Understanding loudness normalisation
LUFS, not just decibels.
Why peak-normalisation never made content actually-equal in loudness, and why every streaming service now uses LUFS.
Peak normalisation is the wrong tool.
The naive approach: find the loudest sample in the file, scale every sample so that peak hits some target (say -1 dBFS). Two podcasts processed this way can still sound dramatically different in apparent loudness — one might have many loud peaks across a quiet average, the other might be consistently loud. Peak says nothing about perceived loudness; the ear hears average energy over time, not the single highest amplitude.
LUFS is what the ear hears.
Loudness Units relative to Full Scale (LUFS, sometimes LKFS) measures perceived loudness using a frequency-weighting curve (humans hear midrange better than bass or treble) and an integration window. The result is a single number that approximates "how loud does this sound to a person". Two files at the same LUFS sound equally loud; that's the property peak-normalisation didn't have. The standard is EBU R128 (Europe) / ITU-R BS.1770 (international).
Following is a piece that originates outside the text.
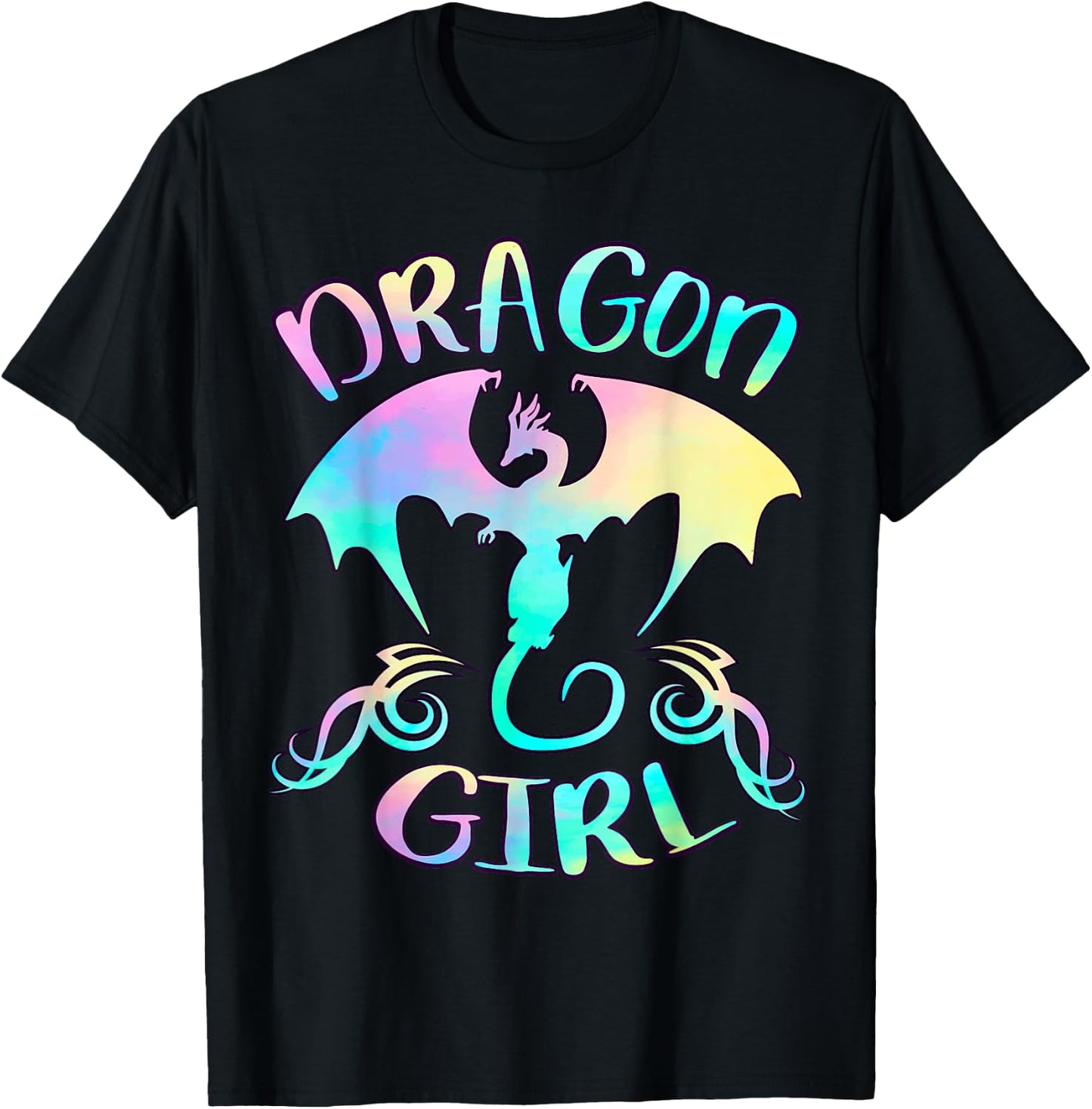 Dragon Girl Just a girl Who Loves Dragons Lover Themed T-Shirt - T-Shirt | Black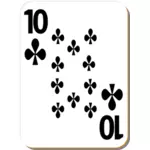 Tien van clubs vector afbeelding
LUFS = frequency-weighted, time-integrated loudness
The streaming targets.
Every major streaming service normalises to a target LUFS. Spotify: -14 LUFS. Apple Music: -16 LUFS. YouTube: -14 LUFS. Amazon Music: -14 LUFS. Podcasts are conventionally -16 LUFS. Submit content louder than the target and the platform turns it down; quieter and (for some platforms) gets turned up. Mastering to the target is the modern norm; mastering to the highest possible peak ("the loudness war") is obsolete.
Three measurements.
The R128 standard defines three LUFS measurements. Integrated: average across the whole file. Short-term: average over a 3-second window, used for live monitoring. Momentary: average over a 0.4-second window, used for instant readout. For batch normalisation, integrated LUFS is the one that matters; live broadcast monitors all three.
A worked normalisation.
A podcast measured at -19 LUFS, target -16. Apply +3 dB of gain across the whole file; new integrated LUFS is -16. Check that the peak doesn't exceed the platform's allowed maximum (typically -1 dBTP) — if it does, apply a limiter to control the peaks without changing the overall loudness. FFmpeg's loudnorm filter does both in one pass: measure, gain, limit.
Single-pass loudnorm
ffmpeg -af loudnorm=I=-16:TP=-1.5:LRA=11
Filter measures and adjusts in one pass.
-19 LUFS in → +3 dB gain → -16 LUFS out, peak ≤ -1.5 dB
= Spotify-ready master
Two-pass for better accuracy.
Single-pass loudnorm makes the adjustment as it goes — fast, slightly imprecise. Two-pass first analyses the entire file, then encodes with the measured values baked in. The result hits the target LUFS more accurately, especially for files with widely varying loudness across their length. Slower (real-time-ish) but worth it for content you're submitting to a platform with strict requirements.
Dynamic range matters too.
LRA (loudness range) measures how much variation exists between quiet and loud sections. A podcast with 11 LRA has natural dynamics; a podcast over-compressed to 3 LRA is fatiguing to listen to. Modern normalisers expose an LRA target alongside the LUFS target — clamp the dynamic range while normalising the average. The right LRA for podcasts is 8-11; for music masters, 4-8 depending on genre; for film soundtracks, 15-20.